Apart from that there is another problem right now: I'm not entirely sure what fossils should do, once you have them in play. Again, the easy route is imprint-like abilities, but most of those have been done already.
So considering I don't know yet what fossils should do and how that should be applied, it feels like I have to cut them from the set, unless I find another solution. That would be a shame, because I really like the idea of having fossils as artifacts. Maybe someone of you has a genius idea.
Themes
Building on the design vision and the keywords, there are some themes that emerge from that:
The Unwritten
While I have posted quite a few ideas, there are still lacking some. I am aiming for around four to five mechanics. Preferably one of the mechanics is an older mechanic brought back, like WotC started doing some years back.
What's missing right now for instance is a non-creature mechanic. Unless I find a way to keep the fossils, all the mechanics will be creature-centric. (Nest can be put on spells, but in the end it creates and enhances creatures.)
At any rate, I'm looking forward to your feedback.
Apex Predator is a fun idea that's come up a couple times with different names. The consensus from people who have playtested it (of which I am not one) is that it should apply to each creature with the highest power - pretty sure this can be achieved by changing "has" from your wording to "shares".
Not to borrow too heavily from Alara block, but Unearth would fit Fossils really well and synergize with Devour. That said, how do fossils make sense lore-wise in this world? If dinosaurs are still living breathing monsters, have they been around long enough to deposit fossil bones in the ground? I'm sure there's a way to make it work, but without a bit of explanation it feels off.
I'd help with finding your noncreature mechanic, but I'm not sure what role you want it to fill.
It's not that I'm not sold on Devour. It's just that I feel it's not the right mechanic to center a block on. Devour needs a specific environment to truly shine. You need to have lots of small creatures or tokens and death triggers to make Devour worthwhile. Afterall you don't want to sacrifice your 3/3 creatures to a Devour 1 creature. If you apply all that it warps the entire set to suit Devour instead of the broader theme of predation.
I think Devour works very well as a minor mechanic in a set, instead of as the focus, like it was done in Alara. It is a perfect mechanic to have its own draft archetype, but not so much as the central element of a whole set.
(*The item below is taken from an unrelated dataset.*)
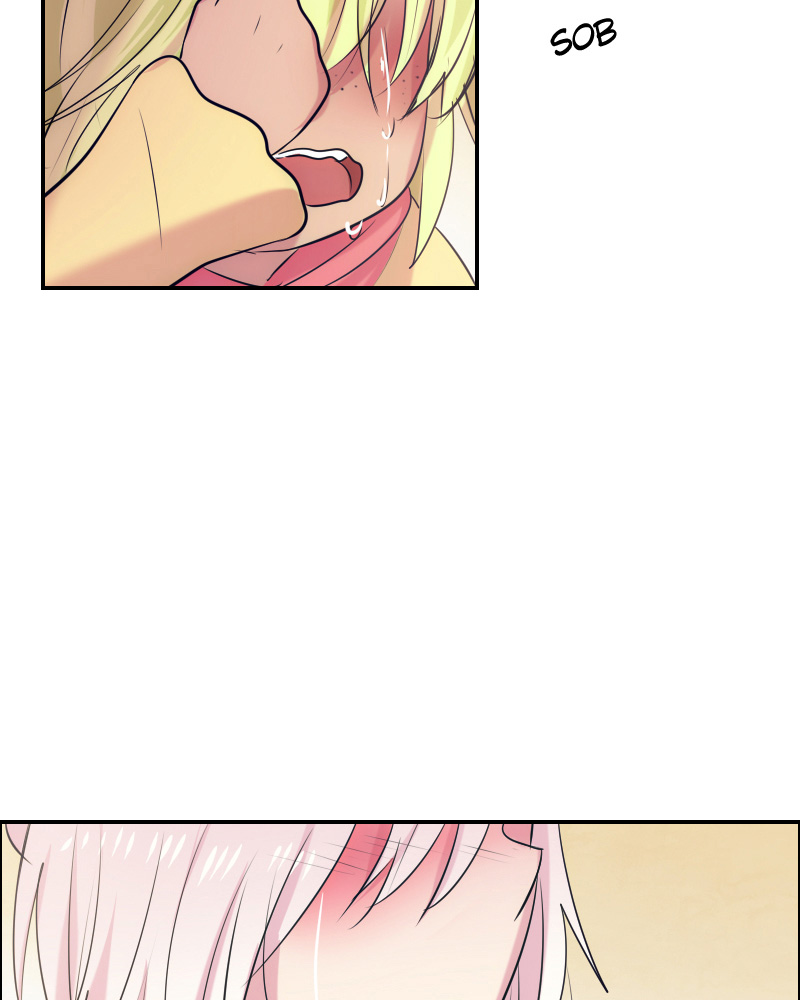 Watermelon - Manhwa Chapter 95 - page 50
Having that said, I'm still going to figure out what I want to go with after I have playtested Foodchain and Devour respectively.
That actually makes sense. Flavourfully you would want only one apex predator on the battlefield at all times, but from a gameplay perspective you don't want multiples to cancel each other out.
Unearth does indeed synergize with Devour, which was probably the reason why both mechanics appeared in Alara together. The thing is that this restricts fossils to being creatures. I wouldn't mind too terribly, but I think it would be interesting to have fossils be actual artifacts. If Devour actually makes it in, I'll consider Unearth as a possibility. Until then, the search continues.
I'm not sure this actually needs an explanation. Dinosaurs and fossils are linked to each other strongly in the people's minds. It's just a trope I'm playing with, not an important plotpoint.
Not sure myself honestly. Right now it just feels so imbalanced to have all mechanics appear on creatures or dealing with creatures. Some more variety would be welcome, but in the sets current state I don't even have any holes to fill, so I can't tell what the set needs.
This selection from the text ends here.